▶ _Data records_
= = =

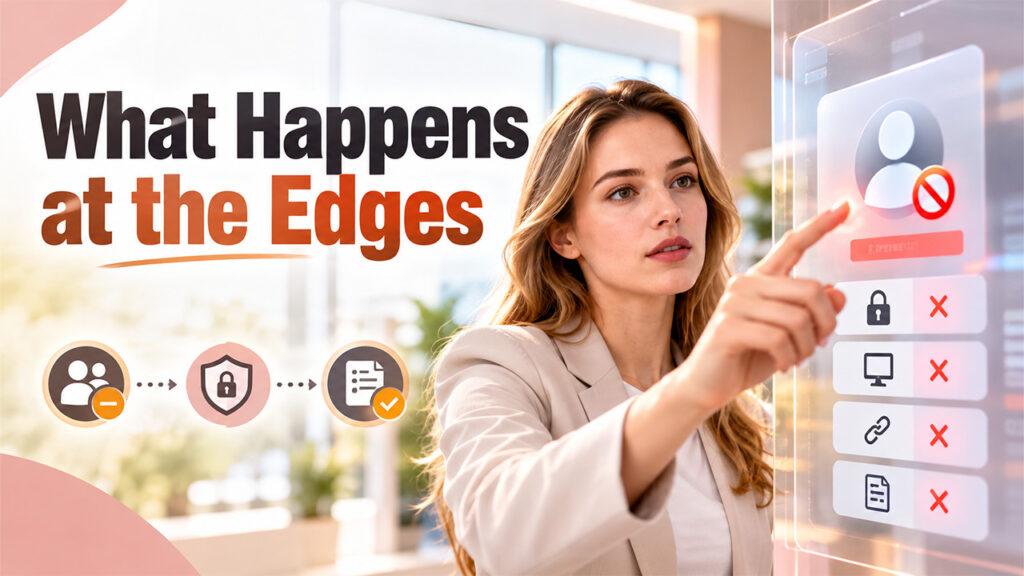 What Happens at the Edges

= = =

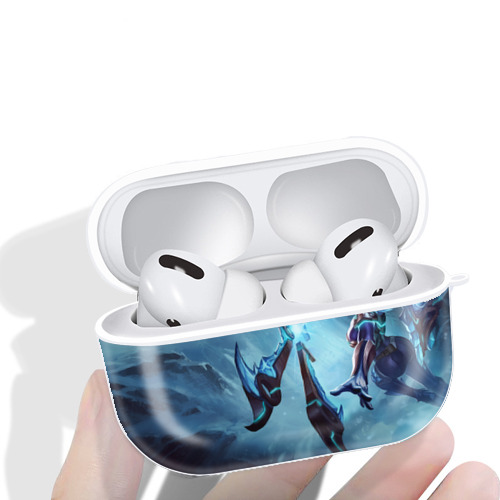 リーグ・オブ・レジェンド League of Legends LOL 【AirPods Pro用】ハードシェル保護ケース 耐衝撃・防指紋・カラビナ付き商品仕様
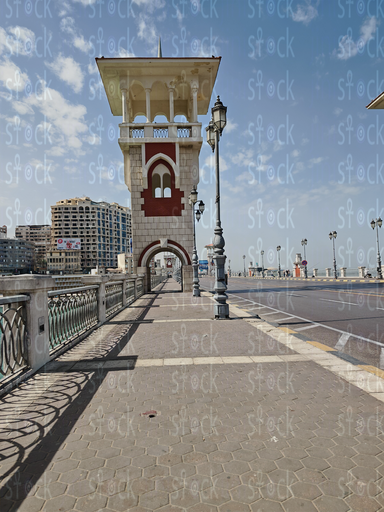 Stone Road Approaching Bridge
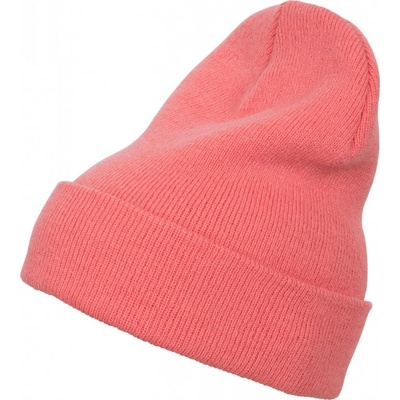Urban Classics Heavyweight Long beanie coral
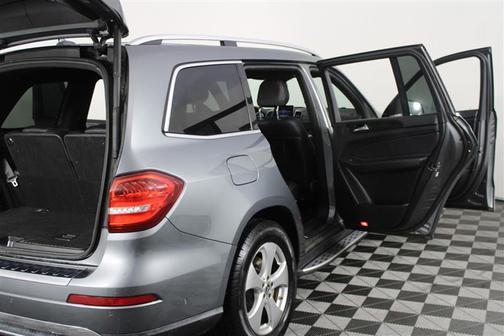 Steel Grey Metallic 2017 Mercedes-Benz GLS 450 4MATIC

= = =

▶ _Exercise description_
Reproduce the listing above only between the lines holding "Stone Road Approaching Bridge" and "Steel Grey Metallic", inclusive. Every line must match exactly, and pictures are dropped.

▶ _Output below_
 Stone Road Approaching Bridge
Urban Classics Heavyweight Long beanie coral
 Steel Grey Metallic 2017 Mercedes-Benz GLS 450 4MATIC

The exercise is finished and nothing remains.